The near-perfection with which he won his last two matches — a combined 58 winners and 14 unforced errors in his semifinal and final — was something Djokovic termed “pleasantly surprising” and Nadal considered “the highest level possible.”
Against Nadal, who hadn’t dropped a set in the tournament or a service game since the first round, Djokovic managed five breaks. He also won 25 of the first 26 points he served.
“During the whole match, Novak was very disciplined,” was Vajda’s assessment. “He had so many ups.
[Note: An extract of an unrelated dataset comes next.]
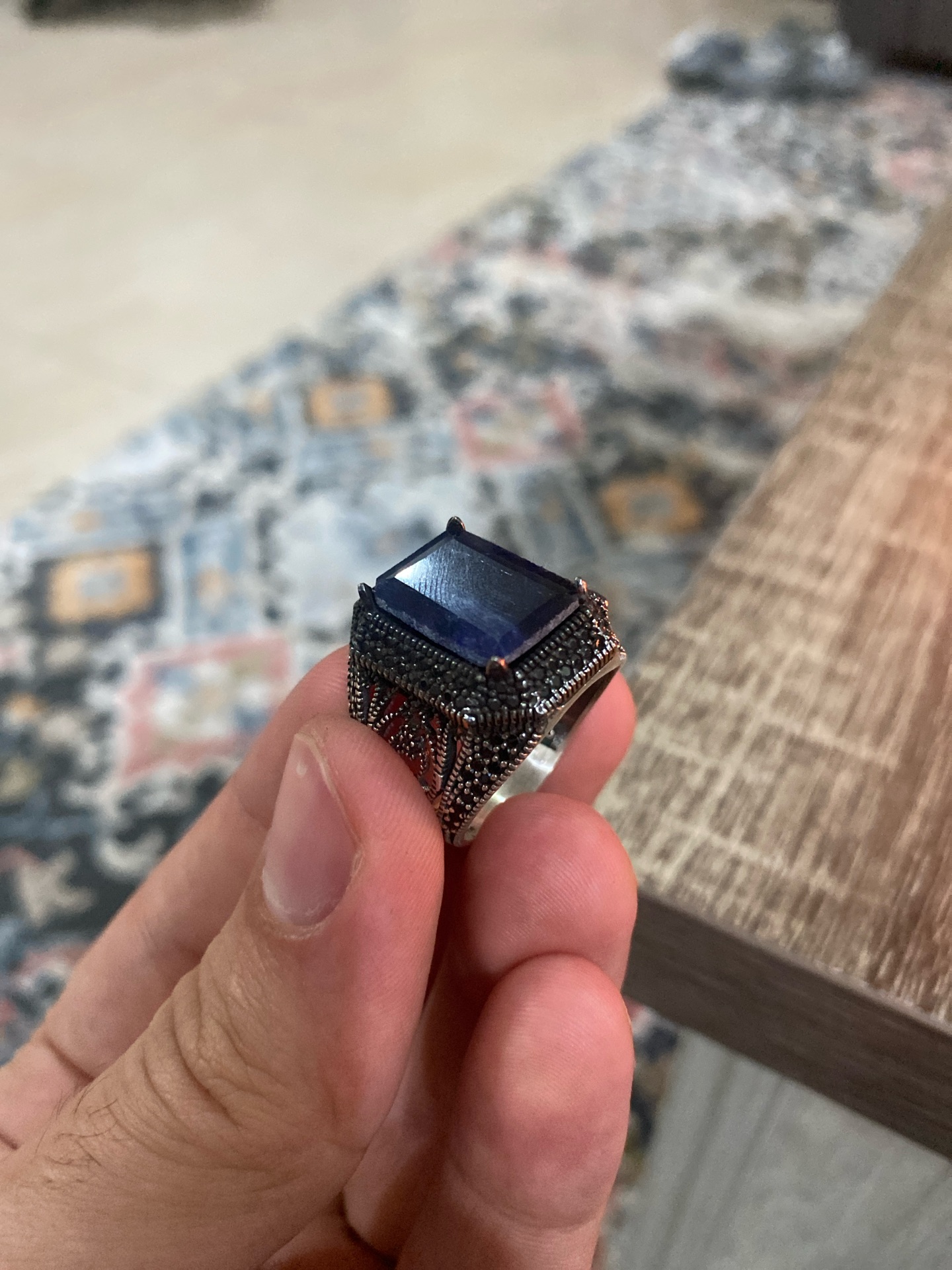 خاتم زفير افريقي african sapphire ring - Image 4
He didn’t have any downs.”
And so it is that everything seems in play at the moment for Djokovic.
Four major titles in a row, something he already accomplished from 2015-16: Why not?
A calendar-year Grand Slam, something no man has done since Rod Laver in 1969: Why not?
Catching up to, and eventually surpassing, Nadal and Federer: Why not?
When Djokovic’s childhood idol, Pete Sampras, won the 2002 U.S. Open by beating his greatest rival, Andre Agassi, in the final, it raised his Grand Slam count to 14. At that point, no other man in the sport’s history had more than 12.
Federer, Nadal and Djokovic had a combined zero major championships back then. Look where that trio stands now.
Sampras had just turned 31 and would never play another match on tour.
Federer is 37, Nadal is 32, and Djokovic is 31. This is a different time.
As Vajda put it: “Roger is an example for all of us.”
So, yes, maybe Federer will add to his total. Nadal seems certain to, especially on the French Open’s red clay.
It’ll be fascinating to see where Djokovic winds up.
“I do want to definitely focus myself on continuing to improve my game and maintaining the overall well-being that I have — mental, physical, emotional — so I would be able to compete at such a high level for the years to come,” Djokovic said, “and have a shot at eventually getting closer to Roger’s record.”